What this task involves.
Under this line are the records; write out word for word the part that begins at the line containing "Poster Süße Bootsfahrt von Eule und Katze" and ends at the line containing "Mexen Hades Badezimmerheizkörper", and no more.
══ Source data ══
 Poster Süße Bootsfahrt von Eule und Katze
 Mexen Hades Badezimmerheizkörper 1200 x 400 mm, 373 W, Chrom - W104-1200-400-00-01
═══
══ Source data ══
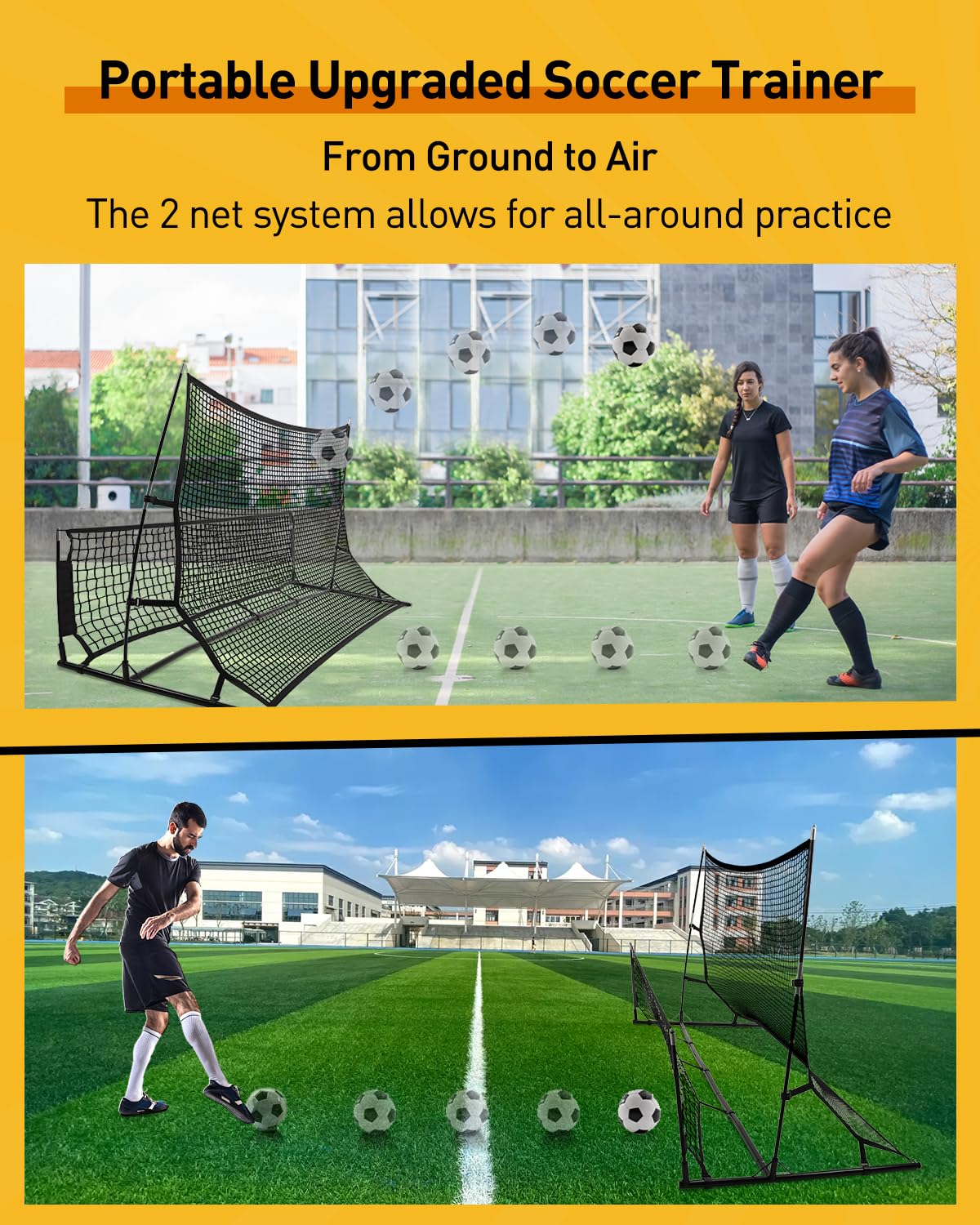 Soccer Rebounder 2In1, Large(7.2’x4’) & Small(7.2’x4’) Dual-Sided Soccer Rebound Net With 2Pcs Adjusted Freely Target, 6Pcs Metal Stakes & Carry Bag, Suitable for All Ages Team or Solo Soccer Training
═══
══ Source data ══
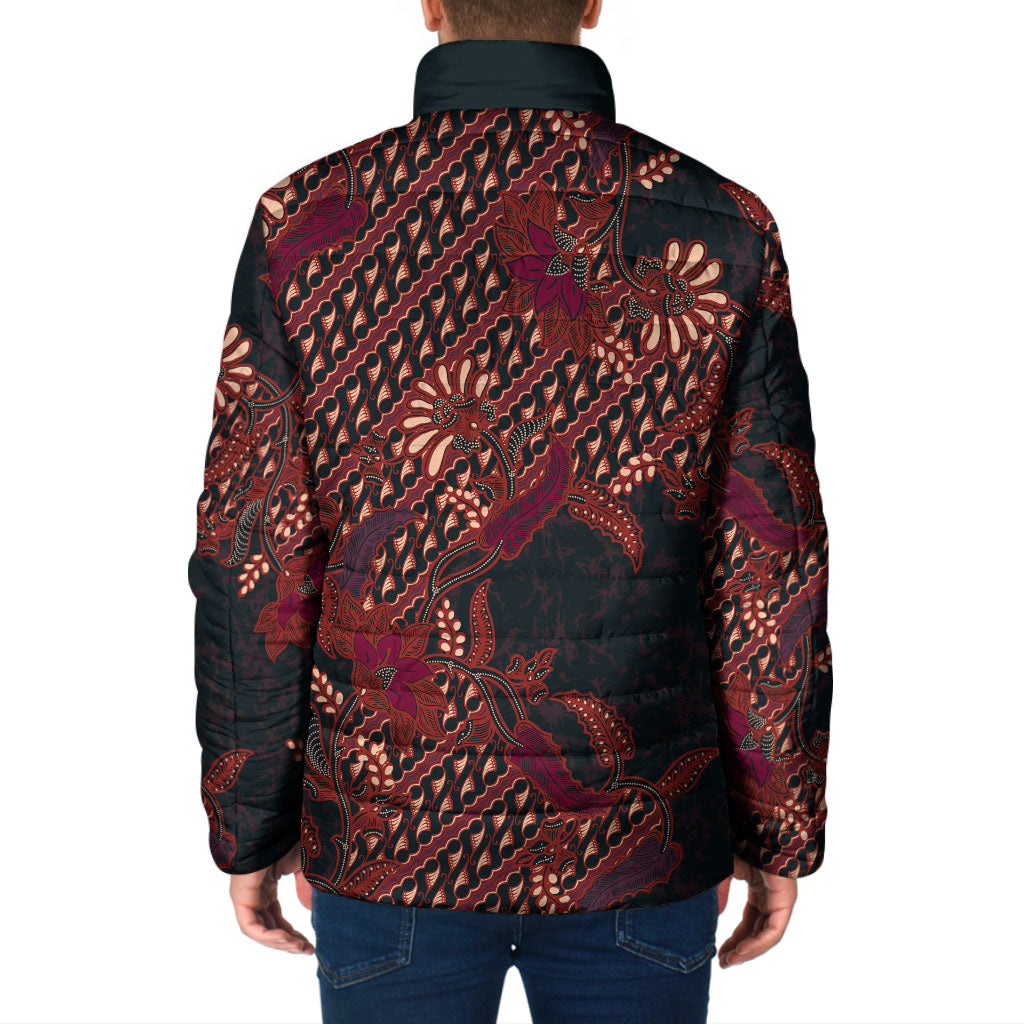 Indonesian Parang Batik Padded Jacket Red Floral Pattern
═══
Exercise solution.
 Poster Süße Bootsfahrt von Eule und Katze
 Mexen Hades Badezimmerheizkörper 1200 x 400 mm, 373 W, Chrom - W104-1200-400-00-01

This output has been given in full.